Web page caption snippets
- Opening Delimiter -
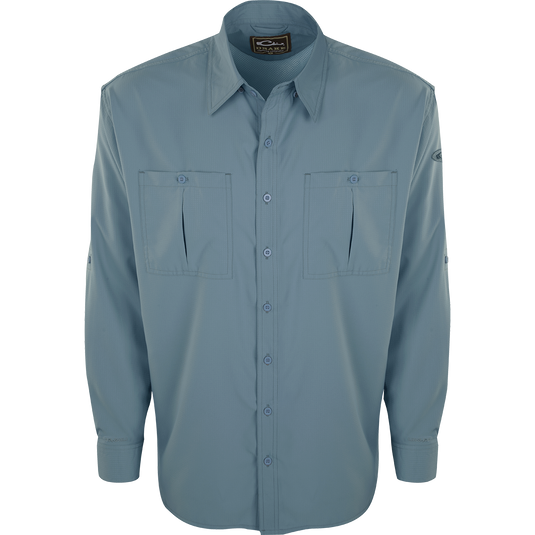 A Flyweight Shirt with Vented Back L/S, featuring buttons and pockets. Lightweight, breathable, and quick-drying for warm-weather outdoor activities. Sol-Shield™ UPF 50+ sun protection, vented mesh back, and chest pockets.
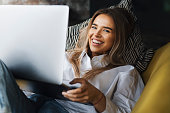 Cheerful young lady holding laptop while laying on couch. Girl relaxing after work, using internet connection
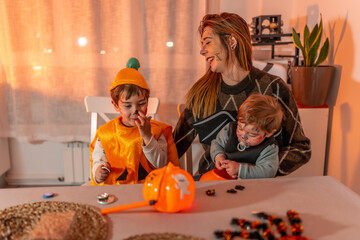 Mother and children wearing halloween costumes at home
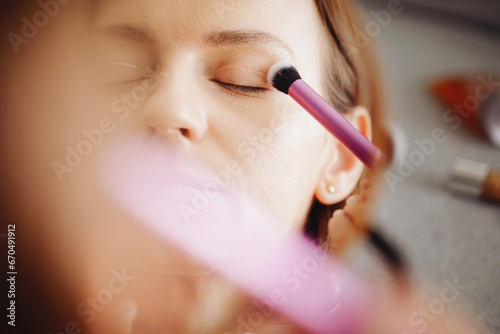 Eyeshadow palette background. Woman holding cosmetics in hand. Girl doing makeup. Premium luxury golden palette. Makeup kit with brush. Multicolor eye shadow. Glamour background. Eyelid brush.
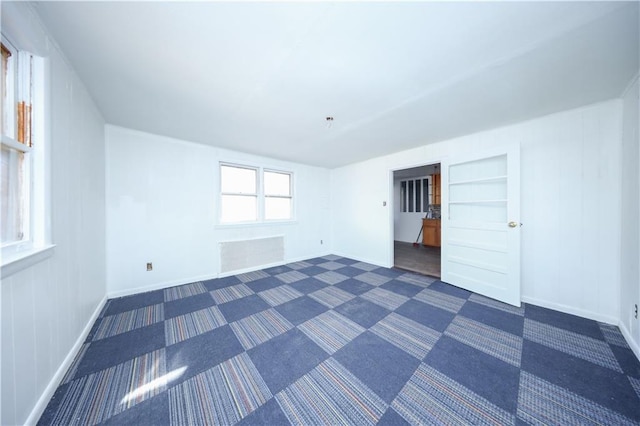 spare room featuring built in shelves, baseboards, and dark colored carpet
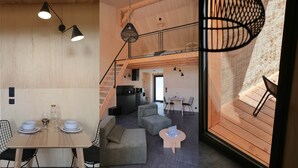 Et moderne interiør med spiseplads, køkken og opholdsområde med trappe.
- Closing Delimiter -
▶ _ASSIGNMENT_: Look above for the line with "Cheerful young lady" and the line with "Eyeshadow palette background."; set down those two lines and all lines between them exactly, without pictures and without anything else.

▶ _EXERCISE ANSWER_:
 Cheerful young lady holding laptop while laying on couch. Girl relaxing after work, using internet connection
 Mother and children wearing halloween costumes at home
 Eyeshadow palette background. Woman holding cosmetics in hand. Girl doing makeup. Premium luxury golden palette. Makeup kit with brush. Multicolor eye shadow. Glamour background. Eyelid brush.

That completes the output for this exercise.